Tel est le cri du coeur lancé par trois acteurs importants de l'industrie des médias - le président du conseil des Médias d'Info Canada et éditeur du Winnipeg Free Press, Box Cox, le président du Forum des politiques publiques et ancien rédacteur en chef du quotidien The Globe and Mail, Edward Greenspon, et le président national d'Unifor, Jerry Dias, syndicat qui représente plusieurs travailleurs de l'information - dans une lettre ouverte publiée dans La Presse aujourd'hui.

Soulignant que le gouvernement fédéral a récemment versé près de 100 millions de dollars pour soutenir l'information locale à la télévision, les auteurs de la lettre se demandent pourquoi Ottawa a choisi de soutenir uniquement la télévision alors que la situation de la presse écrite se détériore à un rythme affolant depuis 2010.

« La situation est loin d'être rose, et elle continue d'empirer. De plus en plus d'emplois sont perdus dans les journaux. D'après nos calculs, un emploi sur trois a disparu depuis 2010 dans notre industrie. Les fermetures de journaux dans plus de 200 circonscriptions fédérales ont dénoué les liens sociaux tissés par la diffusion d'information, qui cimente véritablement ces collectivités », soulignent les auteurs de la lettre.

REVENUS PUBLICITAIRES

Le coeur du problème pour l'industrie des médias demeure la chute des revenus publicitaires. Les quotidiens canadiens ont en effet vu la moitié de leurs revenus de publicité - environ 1,5 milliard - fondre comme neige au soleil au cours de la dernière décennie. Pis encore, la majeure partie de ces revenus publicitaires a abouti dans les coffres de géants américains comme Google et Facebook, qui n'investissent pas dans le journalisme canadien.
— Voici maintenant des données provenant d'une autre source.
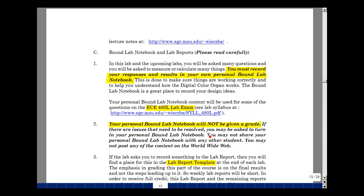We're actually not going to collect this lab notebook and give it a grade, but if there are some issues that we need to resolve, we may ask you to turn it in. We also ask you to not share your information with anyone in the course and not to post the results or pieces of what you're doing on the web.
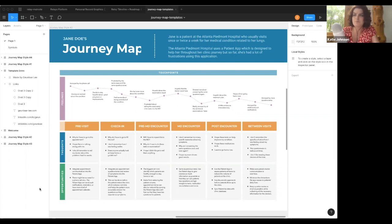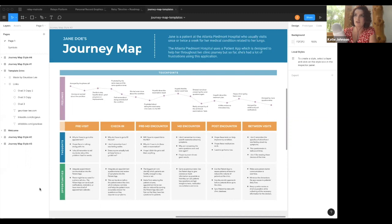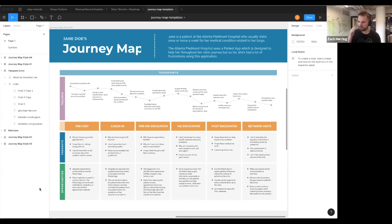Perhaps most importantly, at the bottom there's an opportunities section — where you can see by part of the journey where there are opportunities. This is useful because you might think you have to reinvent the whole journey, but you may find that only one part — like the MD encounter — is terrible, and you realize your entire solution should focus just on that one part. These are super helpful for articulating and showing others where there are opportunities to upend the system.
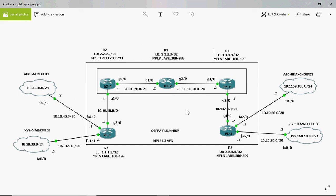Consider this example scenario. The rectangle boxes inside represent service provider devices, and the cloud represents the customer. I am the service provider — normally we all know we get internet service from the service provider. But the service provider will also provide intranet service. Intranet service means, for example, I have a head office in Chennai and a branch office in Mumbai, and the service provider is responsible for making them reachable to each other. For that I pay the service provider, and the technology they use is MPLS Layer 3 VPN.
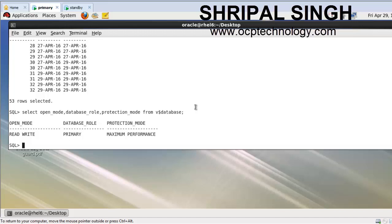Hello friends, welcome back to OCP Technology. My name is Shripal, and today we will continue the Oracle Data Guard feature. Today we are going to discuss database switchover roles. In this tutorial, I'm going to show you how to change the role from physical standby to primary, and primary to standby.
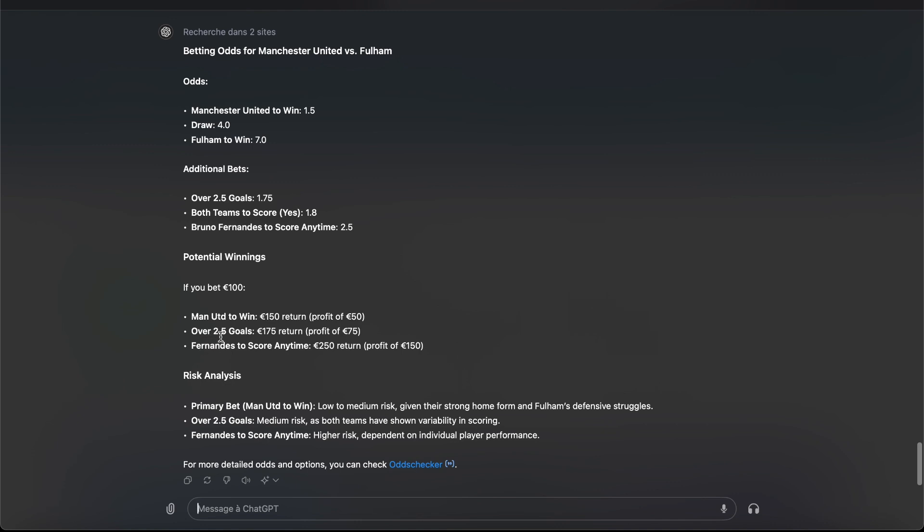Over 2.5 goals, I can profit 75 euro. And if it's Fernandes to score anytime, I can profit 250 euro. So I guess this will answer the question.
Alors que la situation empire pour l'industrie des journaux, le phénomène des fausses nouvelles prend de l'ampleur, en particulier dans les médias sociaux, déplorent les auteurs de la lettre. « Inventer des nouvelles ou déformer des faits coûte une fraction de ce qu'il en coûte pour produire de la véritable information. Que ce soit pour des raisons commerciales, partisanes, idéologiques ou géopolitiques, les fausses nouvelles sont une agression directe contre notre démocratie », affirment-ils.

Il y a quelques mois, la ministre du Patrimoine canadien, Mélanie Joly, a indiqué qu'elle se penchait sur la situation difficile des médias, y compris celle de la presse écrite, mais elle n'a toujours pas annoncé de mesures pour soutenir l'industrie des journaux. Une porte-parole de Mme Joly, Christine Michaud, a indiqué à La Presse hier que la ministre dévoilerait sa vision « pour les industries créatives » au cours des prochaines semaines, sans toutefois donner plus de détails.
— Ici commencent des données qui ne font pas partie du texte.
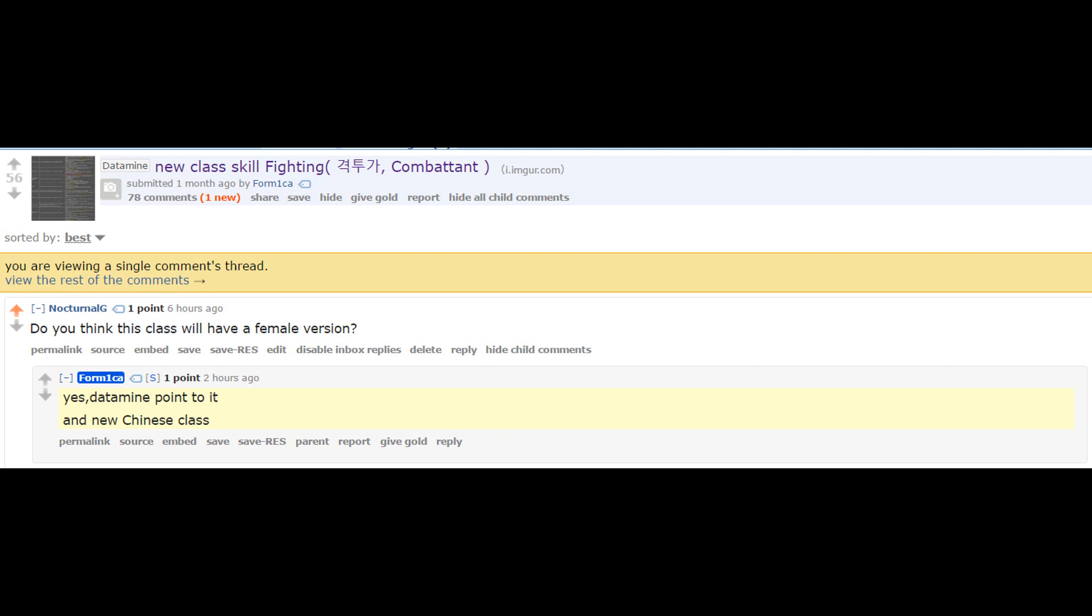So this is just something interesting for you guys to think about - there is a potential of a female Striker coming to Black Desert Online. I think that's pretty cool, and I don't think that's something that's completely illogical to happen. I actually wouldn't be surprised in the least if it did happen.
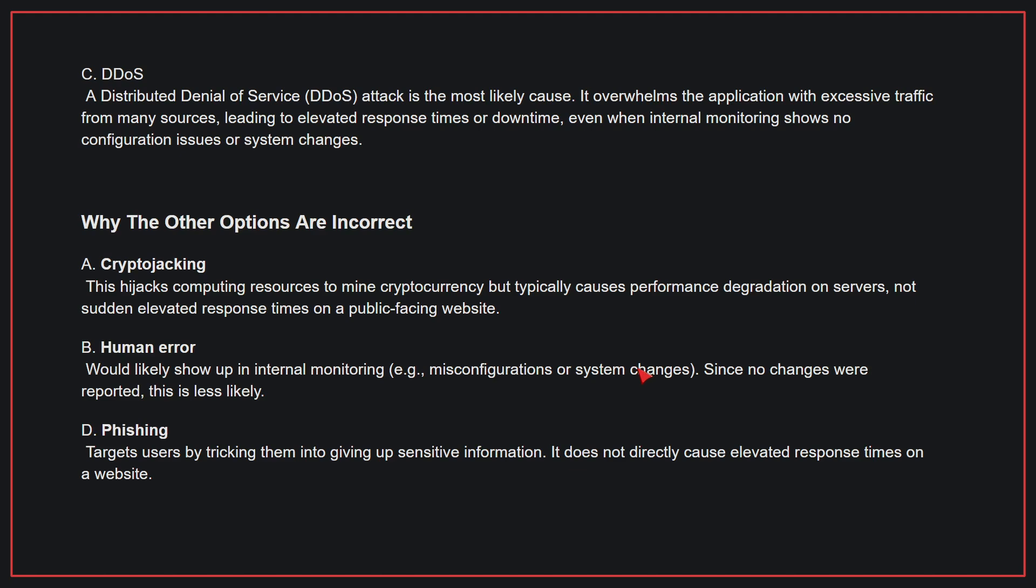Why the other options are incorrect: A, cryptojacking. This hijacks computing resources to mine cryptocurrency but typically causes performance degradation on servers, not sudden elevated response times on a public-facing website. B, human error. This would likely show up in internal monitoring. Since no changes were reported, this is less likely. D, phishing. This targets users by tricking them into giving up sensitive information. It does not directly cause elevated response times on a website. Therefore, the correct answer is C.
Mais pour les auteurs de la lettre, le temps presse, si l'on veut éviter une série de fermetures et une démocratie canadienne mal en point.
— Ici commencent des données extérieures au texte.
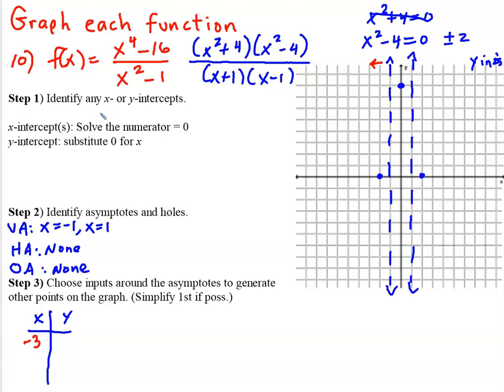In the calculator: (-3)⁴ minus 16, divided by (-3)² minus 1, which gives 8.125 as the output. So the point (-3, 8.125) is on the graph. We're in 2's on the y-axis, so that's just a little bit above 8.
« Le temps est venu de se recentrer sur ce qui est important. Nos médias d'information ne doivent pas baisser. Nous voyons le rôle capital que jouent les grandes institutions médiatiques américaines, particulièrement le New York Times et le Washington Post, en continuant d'informer le public sur les grandes brèches qui s'ouvrent dans leur démocratie », soulignent-ils.